Show, don’t tell, is the golden rule of writing. But rules are made to be broken, right? Well, sometimes. While showing brings emotion and depth to your writing, you don’t need it for every scene. Who cares if her cereal snap, crackles, and pops, unless it’s part of the story? In most cases, breakfast isn’t important, so simply stating she had breakfast is enough.
But how do you know when you should tell instead of show? Here are some tips.
The scene does nothing to further the story or tell us about character.
The breakfast scene above is an example of this. For unimportant actions, you can tell or gloss over them so you can quickly get to the good stuff.
Example: Sally woke up early, showered, dressed, ate breakfast, then headed to work to meet her new boss.
Sally’s morning routine isn’t that important. The good stuff happens when she meets her new boss.
Move from one scene to another.
Telling is a way to transition from one scene to the next, especially if the location has changed or time has passed.

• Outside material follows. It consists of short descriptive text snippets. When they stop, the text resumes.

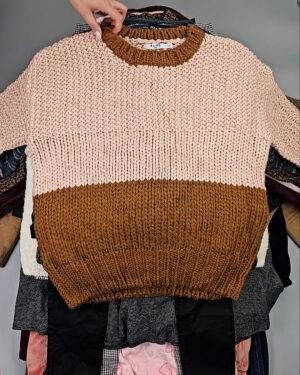 Фотография  494 - Женский микс зима (Winter mix)#20 кг, ЛОТ СХ-0208 оптом в Саранске и Мордовии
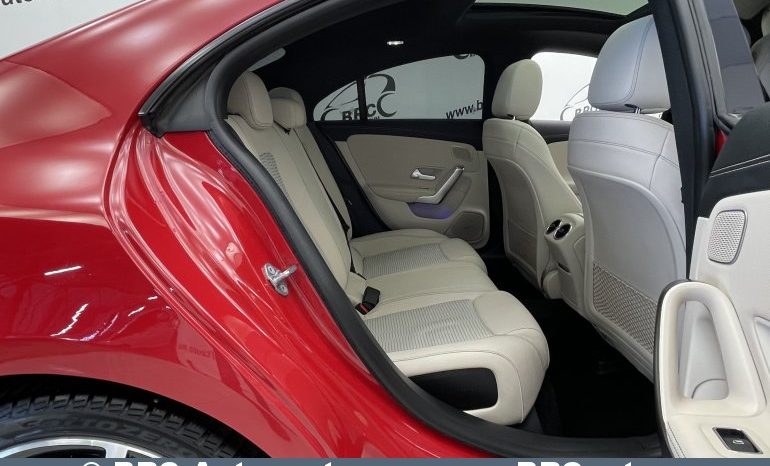 Mercedes-Benz CLA 200 Automatas 2019 full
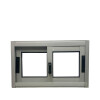 Ventana de Aluminio Serie 20 (Diferentes Medidas) 50X30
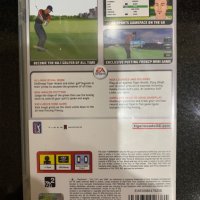 SONY PSP игра - Tiger Woods PGA Tour 06, снимка 2 - PlayStation конзоли - 24130147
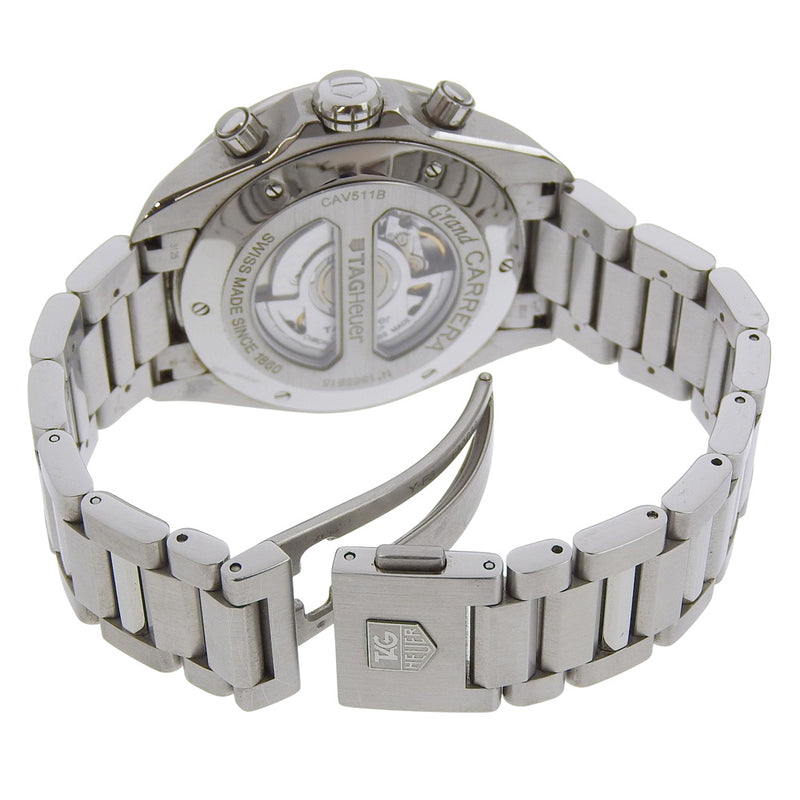 [TAG HEUER] 태그호이어 그랜드Carrera 손목시계 
 CAV111B 오토매틱 와인딩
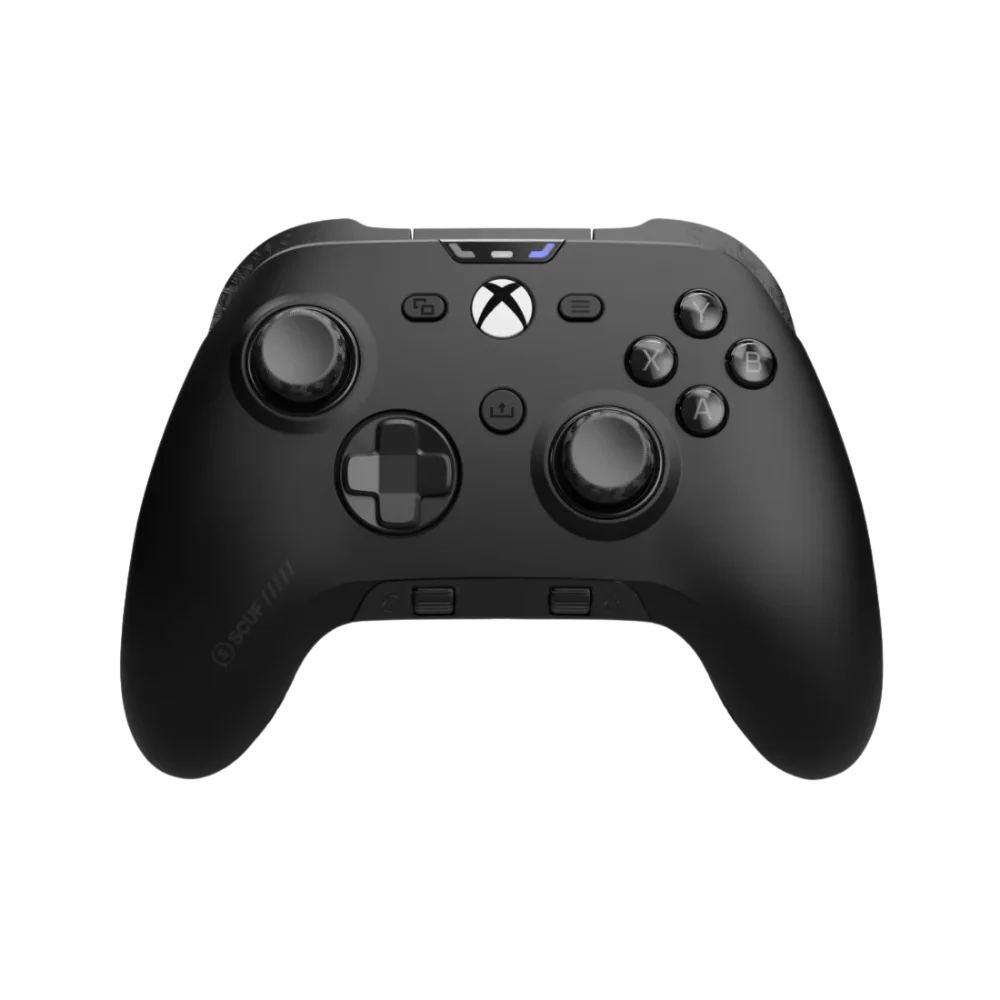 בקר משחק אלחוטי SCUF Valor Pro Wireless ל-Xbox/PC בצבע שחור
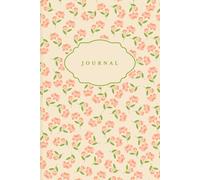 Spring Blossoms Journal: Elegant Lined Notebook for Reflection, Writing and Daily Notes I A Perfect Gift For Her
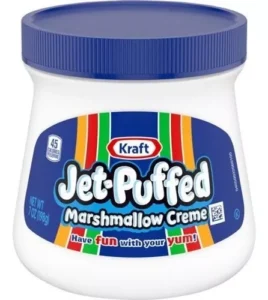 Crema de Malvavisco Jett Puffed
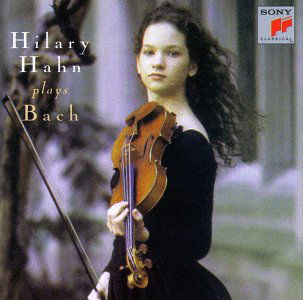 Partitas 2 & 3 / Violin Sonatas 3 - Bach / Hann - Musik - SI / SNYC CLASSICAL - 5099706279327 - 12. juni 2007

Example: Joe had a fitful night’s sleep.
In this case, the writer doesn’t need to show Joe tossing and turning if the point is to let the reader know Joe didn’t sleep well. If, however, Joe was prone to night terrors, and that was an important factor in the story or about Joe’s character, then you would show Joe sleeping.
Example: Joe drove a hundred miles to confront Jane.
Joe driving isn’t as interesting as his confronting Jane. Using telling lets the writer get from where he is at the start of the scene to Jane so the action can occur.
Provide direction or a change in mood.
This example can get tricky. Many writers tell something and follow it with showing, when all they need is the show.
Example: Pat was lost. She looked around not recognizing any of the street names or buildings.
In the above example, the showing sentence (She looked around not recognizing any of the street names or buildings) lets us know she’s lost, so you don’t need the first tell sentence (Pat was lost).
However, sometimes telling can offer direction or a cue to a shift in mood that helps the reader know where the story is going.
Suzie was having the best night of her life. High on life and love and liquor, she stumbled out of the bar. A strong hand gripped her arm, guiding her away from her car and into a dark alley. The odor of rotting garbage and urine made her gag. The man pushed her against the wall, and fear finally broke through the haze.
In this example, we have telling of Suzie’s mood (she’s having the time of her life) and right after, we’re shown that this in fact is going to be a bad night.
To summarize information
Action is where the story is at, but sometimes, you need to provide information such as backstory or setting. Whenever you’re having to jump out of story to drop information or set up the scene, short and succinct is best. Telling can provide the info or setting quickly so that the story can resume.
Joe’s heart jack hammered in his chest and his legs burned as he ran from the car chasing him up the street. He’d always hated running ever since he came in last during the mile run in elementary school.
The first part of the sentence is showing Joe running for his life. The next sentence tells the reader something about Joe’s past. And that’s all we need to know. We don’t need to be shown a ten-year-old Joe lining up with his classmates to run the mile, or what it felt like as they lapped him and then all went back to class while he was still finishing his last lap.